What was in the water at Enron?

While reading The Smartest Guys in the Room, I became increasingly angry about the Enron scandal and it disgusted me in terms of the level of corruption within the company.  In my oversimplified 7th grade memory of the Enron scandal, I thought that Ken Lay was a terrible person who was the cause of the downfall of Enron.  While reading Smartest Guys in the Room, I realized that there was no one person who was the downfall of Enron, but that so many people within Enron were just as responsible as Ken Lay.  I didn’t understand how so many people could act unethically and at times illegally, to increase profits.  What could possibly make a group of smart people with such high degrees from Ivy League schools act the way Enron did?  Why couldn’t they see any of the possible ramifications of their actions, or if they did why did they decide to ignore the signs?  What was in the water they were drinking that made some of the smartest guys in the room act so stupidly?

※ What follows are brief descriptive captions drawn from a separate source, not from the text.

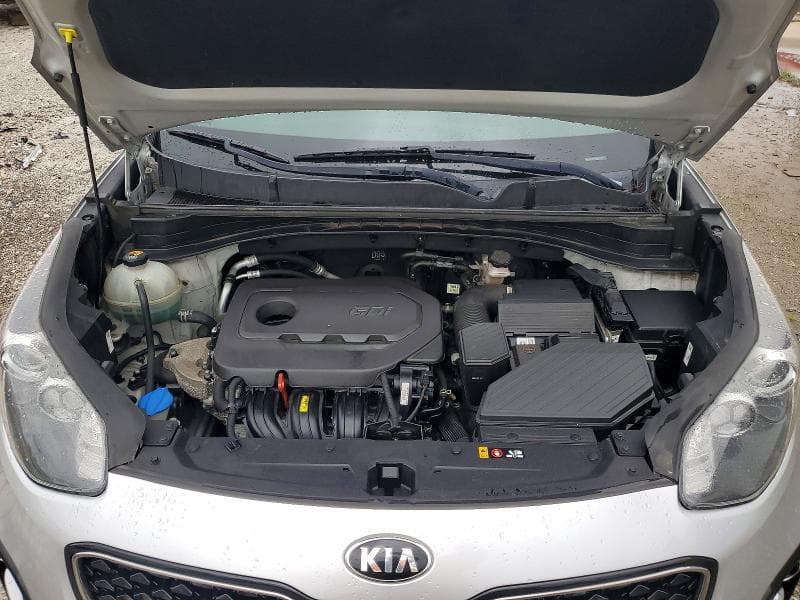 2017 KIA SPORTAGE EX 12
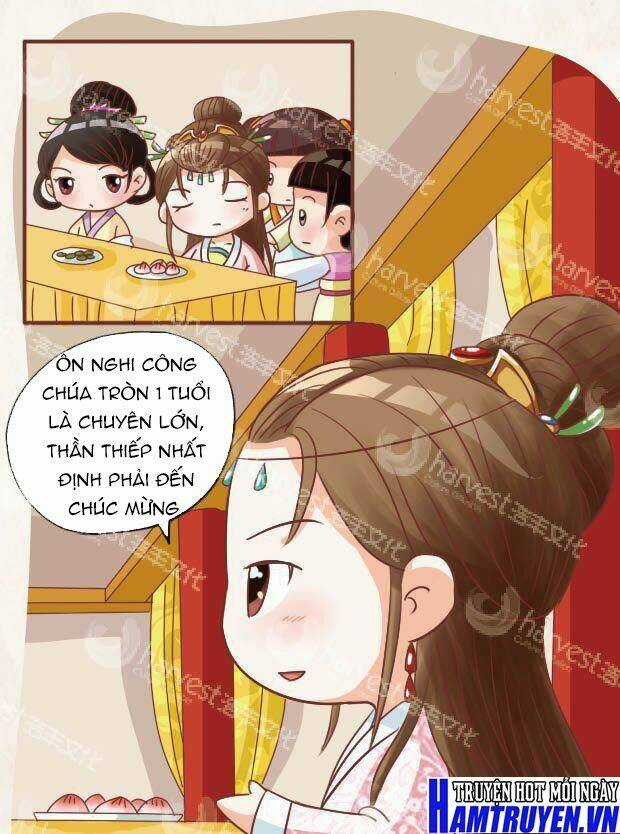 Chân Hoàn Truyện Chapter 22.1 trang 7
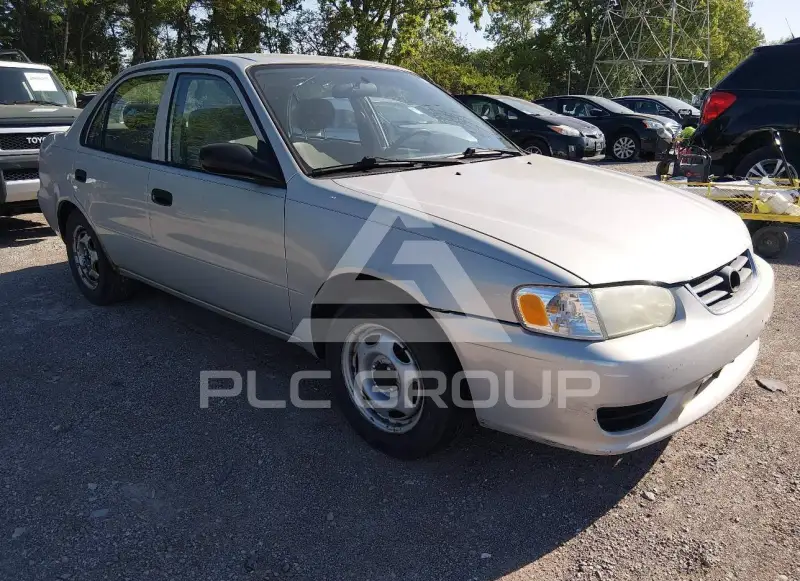 2002 Toyota COROLLA фото
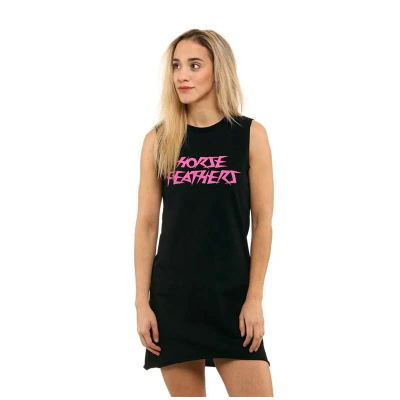 Fustan Laurie Black Horsefeathers M Sw882a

As I was reading Organizations and Organizing, I began to make connections between what happened at Enron and the concept of organizational culture.  Davis and Scott state that organizational culture creates belief systems that cause participants to “not only know what they are expected to do for the good of the organization, but they also want to do it” (214).  In the case of Enron, employees knew that they were expected to do whatever it took to increase profits; Lay had made that message apparent from the beginning.  Culture can explain why people like Skilling, Mark, Baxter, Fastow, Glisan and others were so willing to act unethically and at times illegally for Enron.

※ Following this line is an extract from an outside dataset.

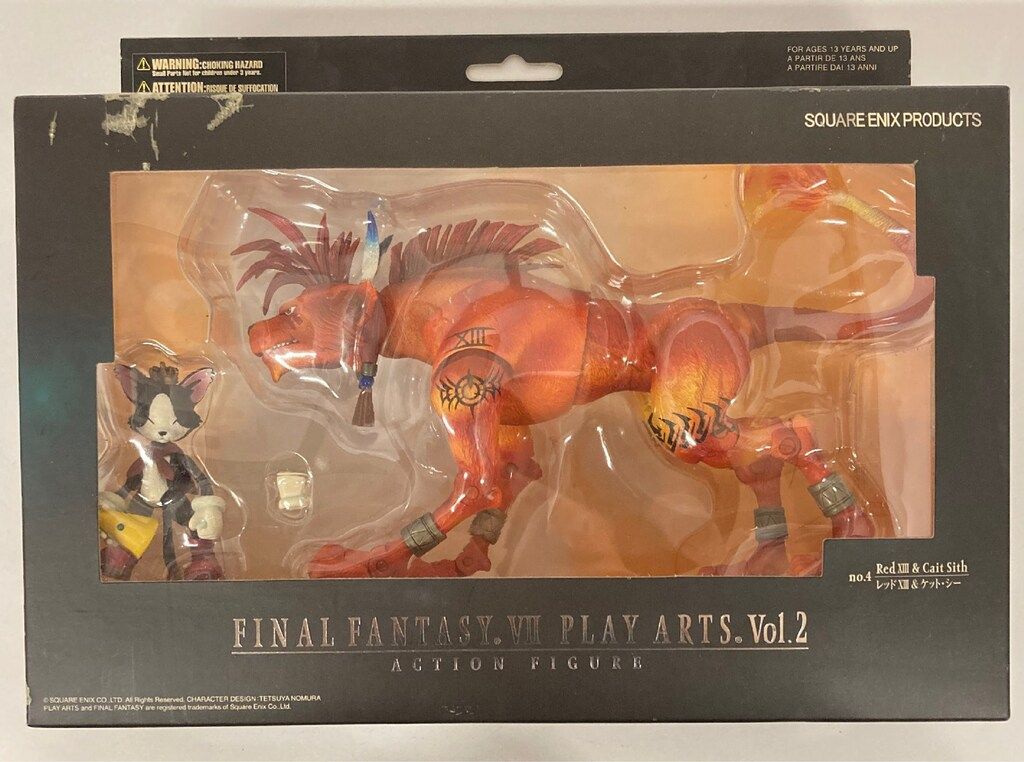 スクウェア・エニックス PLAY ARTS レッドXIII&ケットシー - メルカリ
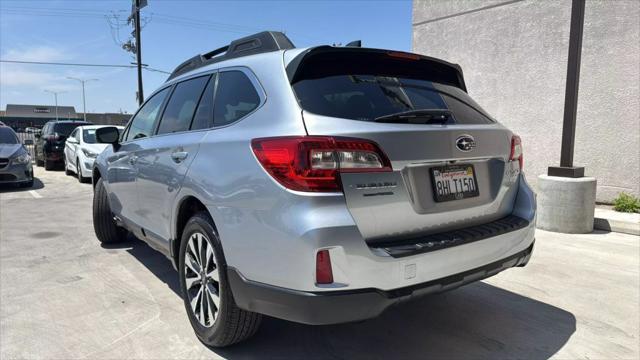 Photo of 2016 Blue Subaru Outback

I looked in Organizations and Organizing to see what sources they cited while discussing organizational culture.  I found that they cited a paper by Linda Smircich, Concepts of Culture and Organizational Analysis, and I found the paper on JStor.  It was cited by 74 other sources.  When I looked at some of the other papers that cited Smircich, one was The Ethical Context in Organizations: Influences on Employee Attitudes and Behaviors by Treviño, Butterfield and McCabe.  When I looked that paper up on Google scholar it showed that it had been cited 182, mostly in other works regarding ethics.  I found another paper, Deviant workplace behavior and the organization’s ethical climate, by DK Peterson.  After finding these new sources on corporate culture I think I want to further explore the ways in which the culture affected the actions of the Enron employees, and the ways in which ethics, or the lack thereof, affected the culture.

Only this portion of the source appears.